Diab Hafez M, Motlaq Suha Saeed, Alsharare Amal, Alshammery Ashwaq, Alshammery Nadia, Khawja Shabnam Gulzar, Shah Altaf H
Professor, Department of Periodontology, Riyadh Colleges of Dentistry and Pharmacy , Riyadh, Saudi Arabia; Faculty of Dentistry, Tanta, University, Egypt .
General Dental Practitioner, VIP Clinic Riyadh Colleges of Dentistry and Pharmacy , Riyadh, Saudi Arabia .
J Clin Diagn Res. 2016 Oct;10(10):ZC110-ZC113. doi: 10.7860/JCDR/2016/23373.8692. Epub 2016 Oct 1.
Autism is a neuro-developmental disorder which is manifested as impairment of social interaction, communication and a repetitive behaviour. Autism can obscure dental treatment for the affected patients; furthermore, children with autism commonly have destructive oral habits.
The aims of this study were to evaluate the Modified Gingival Index (MGI), Plaque Index (PI), salivary pH and buffering capacity of the saliva among autistic children compared to normal children in Riyadh City that may provide baseline data to enable comparison and future planning of dental services for autistic children.

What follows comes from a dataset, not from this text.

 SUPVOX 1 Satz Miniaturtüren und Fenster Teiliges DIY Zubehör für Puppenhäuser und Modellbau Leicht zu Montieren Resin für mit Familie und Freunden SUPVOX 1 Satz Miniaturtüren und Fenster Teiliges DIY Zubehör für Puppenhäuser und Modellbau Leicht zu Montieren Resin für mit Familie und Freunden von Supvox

A total of 50 children diagnosed with autism (mean age 8.5 years) were selected from Azzam Autism School, Riyadh City. The control group consisted of 50 non-autistic school children (mean age 8.7 years), gender matched, selected from Outpatient Clinic, Riyadh Colleges of Dentistry and Pharmacy. MGI, PI, salivary pH and salivary buffer capacity tests were done for all participants. The buffering capacity of the stimulated saliva was grouped under 'very low', 'low' and 'normal'. Pearson's Chi square and one way ANOVA were used to find statistical significance if any among the autistic and the normal control group.
The results of the study showed that the mean ± standard deviation of MGI, PI and pH of unstimulated resting saliva for autistic group were 1.82 ± 0.65, 1.92 ± 0.35 and 6.8 ± 0.5 respectively. Normal control group had values 1.35 ± 0.85, 1.44 ± 0.43 and 7 ± 0.4 respectively. A statistically significant difference between both groups for all parameters was found. Salivary buffering capacity was found to be normal for the majority among both groups. However, 60% children among the autistic group presented with normal buffering capacity of the stimulated saliva as compared to 70% among the normal control group. However, this difference was not statistically significant (p = 0.544).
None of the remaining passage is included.